Like all the best Neil Finn compositions, Into Temptation features a brilliantly technicoloured chiming bridge where ringing arpeggiated guitars sparkle and the melody soars before returning once again to the unmentionable matter in hand. As far as songs of unfaithfulness go, it’s second only to James Carr’s Dark End Of The Street, another post for another day, for sure.

Hard-to-find

The Temptations

Temptation by New Order is a steam-powered, clattering industrial racket, the result of maverick programming and experimentation from a band keen to break free from their previous sound and take on a brave new direction.

Coming a year after a debut album that the band struggled to like – Bernard Sumner in particular hated its unavoidable debt to Joy Division, Temptation plugged the gap between the propulsive Everything’s Gone Green and the ubiquitous Blue Monday. Like all the great bands, New Order were (are?) great at releasing stand-alone singles; bold statements of intent and hints to future direction, and made sure Temptation was seen as such. It’s the perfect marker, taking the cold, robotic greyisms of the Movement album and dressing them up in learn-as-you-go proto sequencers and asthmatic guitars that wheeze and rattle away like Nile Rodgers had he lived in a Whalley Range bedsit.

Incredibly, the two versions that make up the 7″ and 12″ releases were recorded in one 15 minute take. On the longer version, the band crash in as if they’ve really hit the ground running, a multi-layered palette of pulsing sequencers, Peter Hook’s signature bass-as-lead and those ‘woo-oo-oo-ah-oo‘ vocals, a notion which only makes sense once you know that the 7″ edit fades at the same point the 12″ begins. Of the session, the first 5 or so minutes were given over to the 7″ version, the track that would secure enough radio play to get New Order inside the top 30, and the rest (just shy of 9 minutes) was where the band allowed themselves to fly. Cue both tracks up and see for yourself;

New OrderTemptation (7″ version)

New OrderTemptation (12″ version)

See?!?

The 12″ version is notable for the wee yelp that Barney lets out just off-mike as the track limbers its way into its free-form groove, the result of a snowball being shoved down the back of his shirt by an errant band mate as he prepares to sing and drive his band forward from the constraints of the past into a technology-inspired future. As the snowball works its way down Barney’s back he mixes up a few of those ‘green eyes, blue eyes, grey eyes‘ lines but recovers in time before anyone save the most trainspottery of listeners has noticed. I first picked up on that wee slip way back when while trying to unbend the corner of the beautiful Peter Saville-designed sleeve, bashed and bent from being hidden in my school bag to avoid the disapproving eyes of my mum who lectured me regularly on the evils of spending all my paper round money on records.

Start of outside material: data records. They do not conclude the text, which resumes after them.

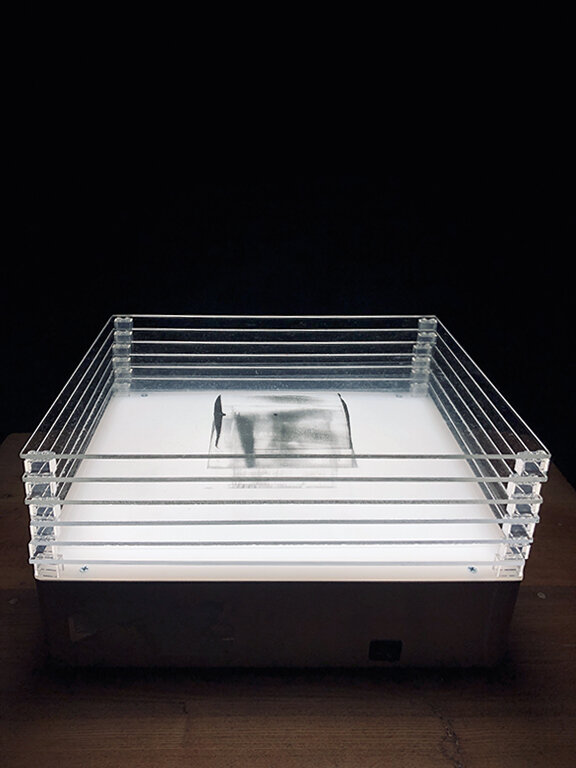  Untitled Interference Sculpture 2 . As Seen From The Front and Slightly Above by Higher Beings But Not Ordained. Polymer emulsion, acetate, plastic bricks, light table, 10x13x20”. Plastic Transcendence Series 2020. 
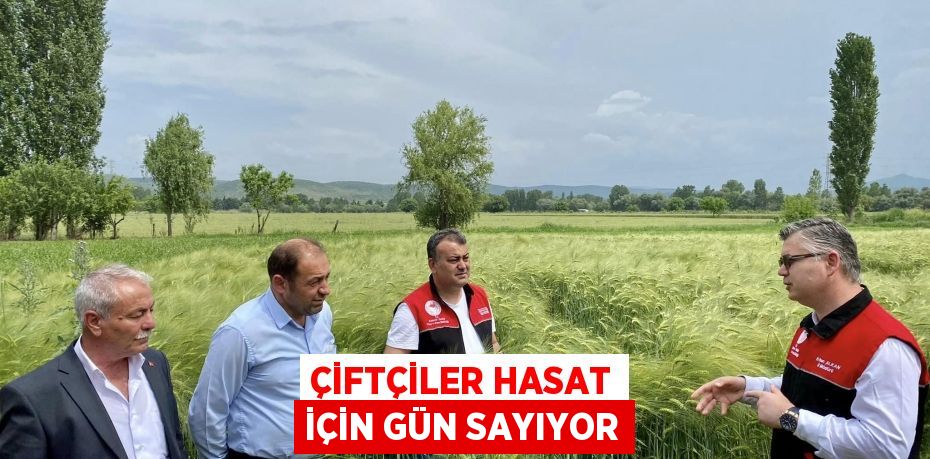 Çiftçiler hasat için gün sayıyor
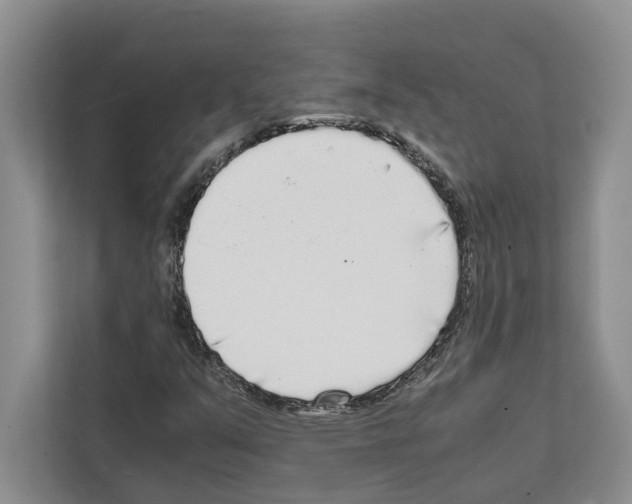 X0000111651351200908281041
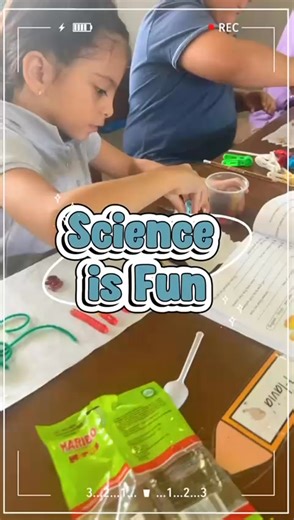  Our 3rd graders became scientists today! They explored how different bird beaks affect survival by using tools to “pick up food” and compare which ones worked best. A fun and creative way to learn how God designed every creature with a purpose!  | Santa Cruz Christian Learning Center | Facebook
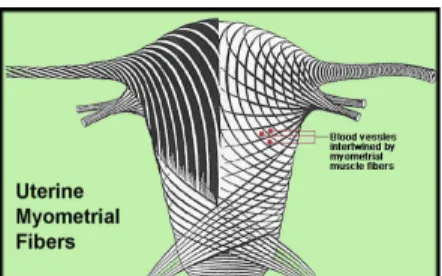 Figure 4 – Structure musculaire de l’utérus  Tiré de : Scoop Web, 2013 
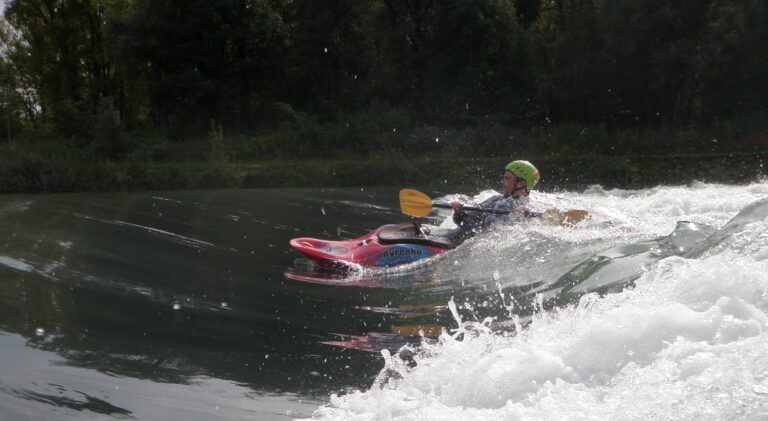 Journée à l’Isle de la Serre – 6 Octobre 2012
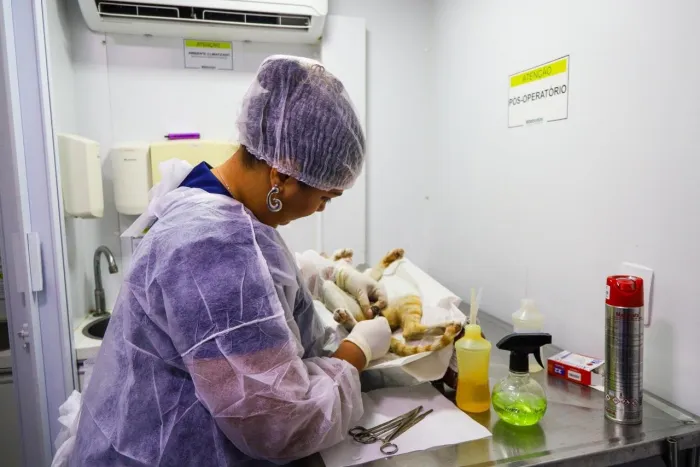 Prefeitura amplia equipe de veterinários da Coordenação de Bem-Estar Animal e fortalece as castrações em Petrolina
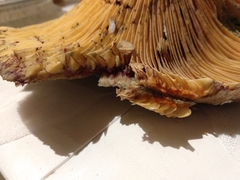 Lactarius semisanguifluus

Temptation is a track New Order hold dear. Not only does it have the honour of being their most-played live track, the band would go on to re-record it on at least two further occassions. The most popular version of Temptation is arguably the one that graces Substance, the collection famously commisioned by Tony Wilson as he wanted all the New Order singles in the one place for listening to in his car.

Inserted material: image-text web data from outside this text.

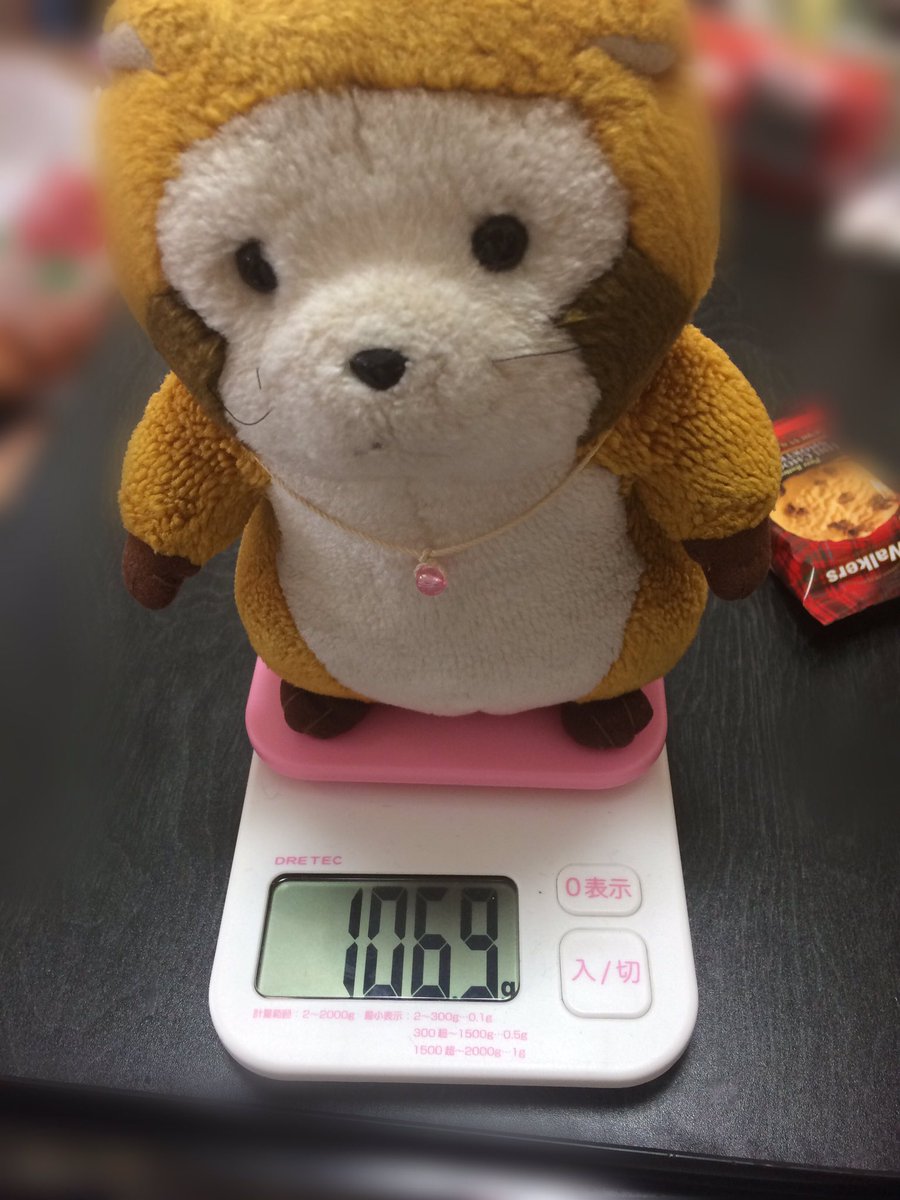 rascal197752's tweet image. おやつの #ふらのメロンゼリー すごく大きいにゃ！！
.
.
.わぁ😳😳みずきの5倍の重さにゃ…！！
*.
*.
*☼*―――――*☼*―――――
#ラスカル #ラスカル部 #あらいぐまラスカル #富良野 #ゼリー #ぬいぐるみ #ぬい撮り #メロンゼリー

New OrderTemptation (’87 version)

Blue eyes, green eyes, grey eyes. Photo by Kevin Cummins

 

Not remixed from the original, but recorded as a brand new track 5 years after the original, it’s a big, bold, pop record, sunshine-bright with a spring in its step and as far removed from the original as Salford is from the Seychelles. Does it lack something because of this? Soul, perhaps? Or the mis-placed wonky, seat of the pants programmed percussion? Maybe, but the Substance version of Temptation is the glossy sound of a band finally free from its monochrome past and confident in its own skin. They’d record the evergreen True Faith around this time, the melancholy-drenched beauty that went a long way to cementing New Order’s status as one of our greatest bands. Temptation though….give in to it. It’s a cracker.